It’s a terrible story: a middle-aged American man was attacked at his home in France by thieves who beat him with a baseball bat before making off with hundreds of thousands of dollars in cash and jewelry. The man’s last name, McDonald, and his ostensible ties to the McDonald’s fast food fortune rocketed the incident to international attention (in the form of ledes like, “These robbers were no Hamburglars”—keep it classy, New York Daily News).
In the days after the news broke, enterprising reporters discovered that there seemed to be no connection between Geoffrey McDonald, the victim of the home invasion, and McDonald’s, the home of the McRib.
In the age of the telephone and internet, such a case of assumed or alleged heirdom is quickly unraveled. But the Australia of the early 19th century was a different story. And that’s where Kirsten McKenzie’s new book, A Swindler’s Progress: Nobles and Convicts in the Age of Liberty, takes place.
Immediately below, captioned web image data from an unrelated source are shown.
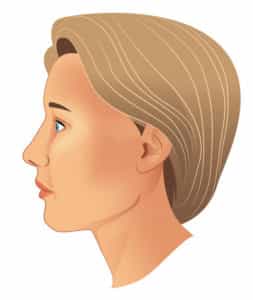 Neck Lift in Colombia - Premium Care Plastic Surgery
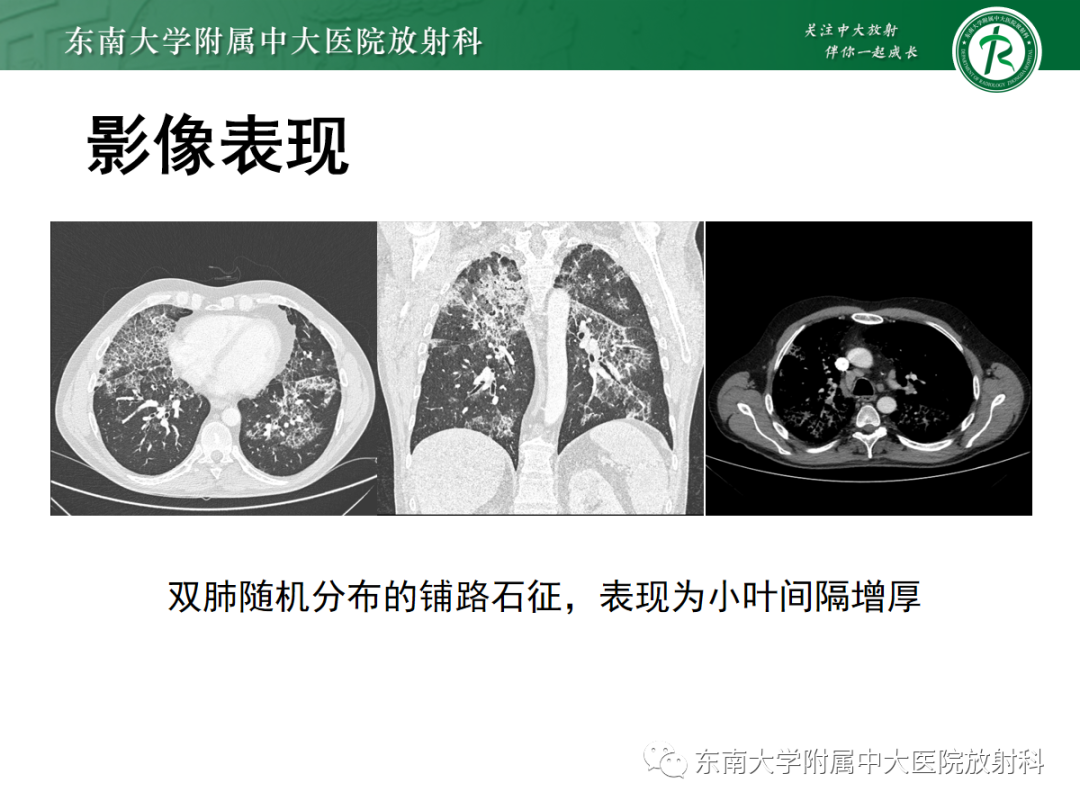 影像PPT - 【PPT】肺泡蛋白沉积症-14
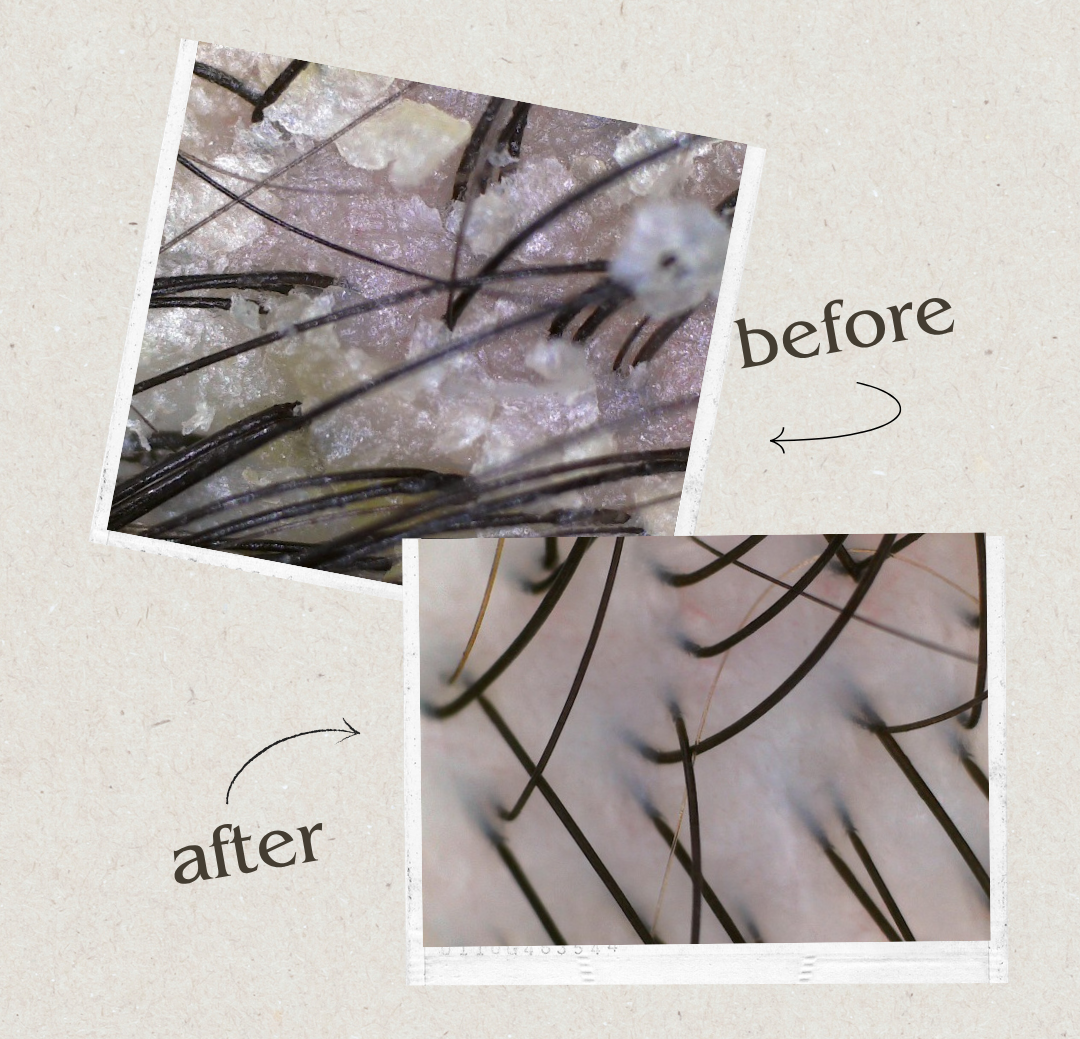 Scalp Purifying Therapy before & after scalp scans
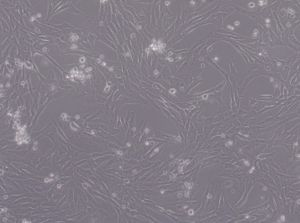 Glioblastoma WHO IV NCH342 cell line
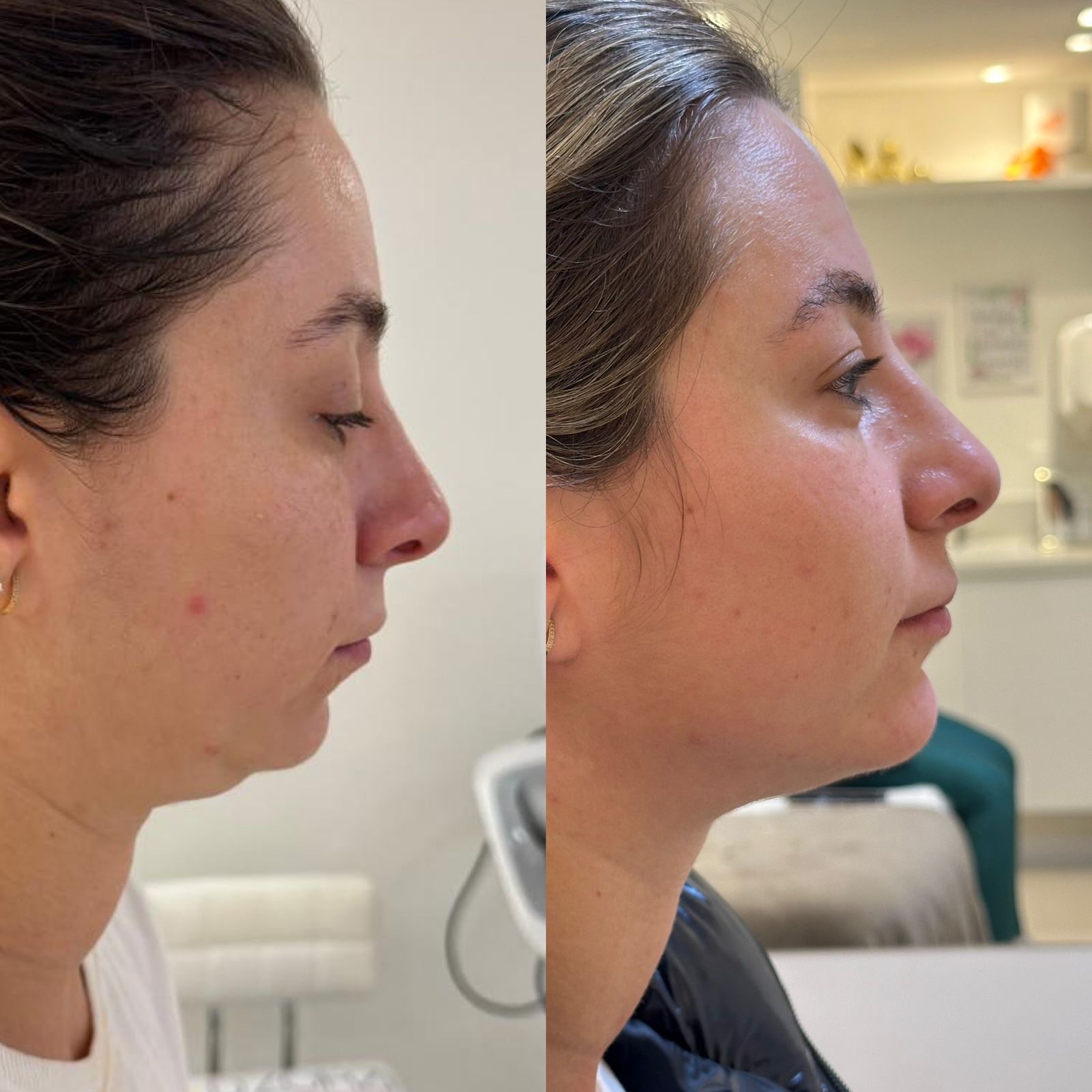 PAPADA-ULTRAFORMER-DZORZI.5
Accused of forgery in 1835, a slight, balding man named John Dow shocked a Sydney courtroom by claiming he was Edward, Viscount Lascelles, eldest son of the powerful Earl of Harewood, and heir to one of Britain’s most spectacular fortunes. The Crown alleged he was a confidence trickster and serial impostor.
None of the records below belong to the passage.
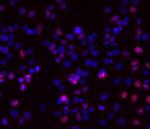 Progesterone Receptor Monoclonal Antibody (KMC912), eBioscience™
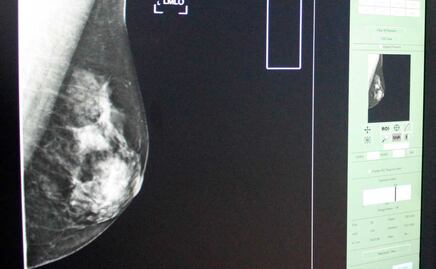 Ojo aquí: mejorar hábitos reduce riesgo de cáncer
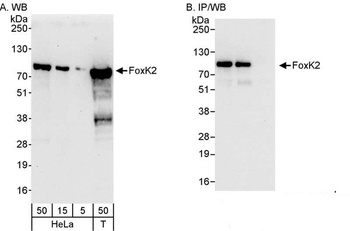 Rabbit FOXK2 Antibody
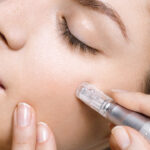 Microneedling mit PRP: Natürliche Hautregeneration für mehr Ausstrahlung
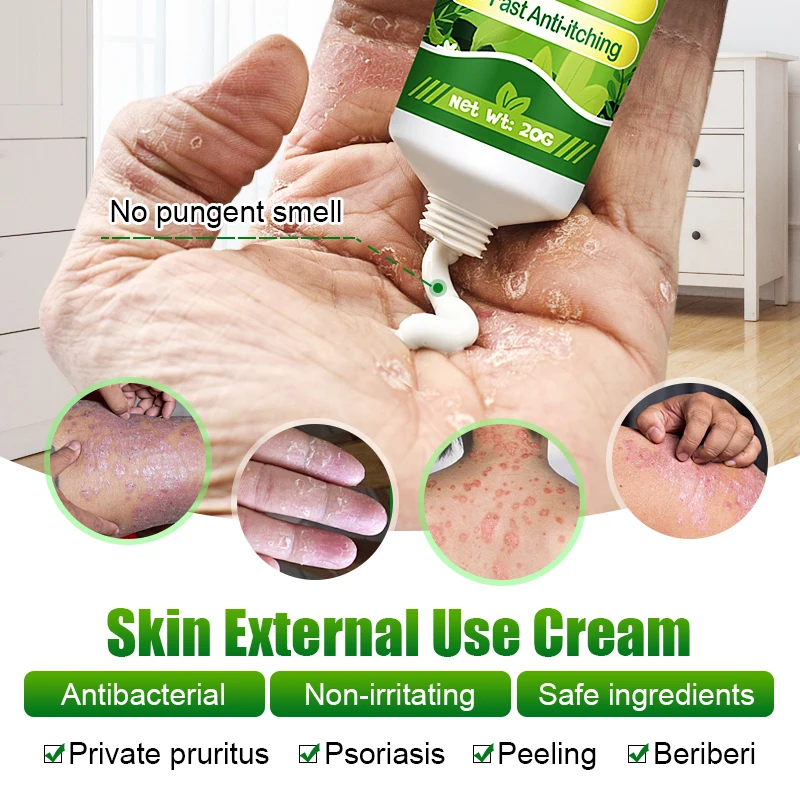1pcs Private Part Anti-itch Cream Anal Itching Cream Psoriasis Glans Penis Itch Scrotal Eczema Odor Antifungal G024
In what the Times Higher Education Supplement calls “a highly gripping narrative, its sociological insights conveyed largely through a series of striking human dramas,” McKenzie follows a fascinating tale of adventure and deceit across two worlds—those of British aristocrats and Australian felons—connected in an emerging age of opportunity and individualism, where personal worth (and wealth) battled power based on birth alone.
In this age of liberty, could one be anyone one wanted? How does one invent oneself in society? These are the questions that McKenzie takes up in her book. And as the McDonald’s incident illustrates, they are questions that retain their relevance even today.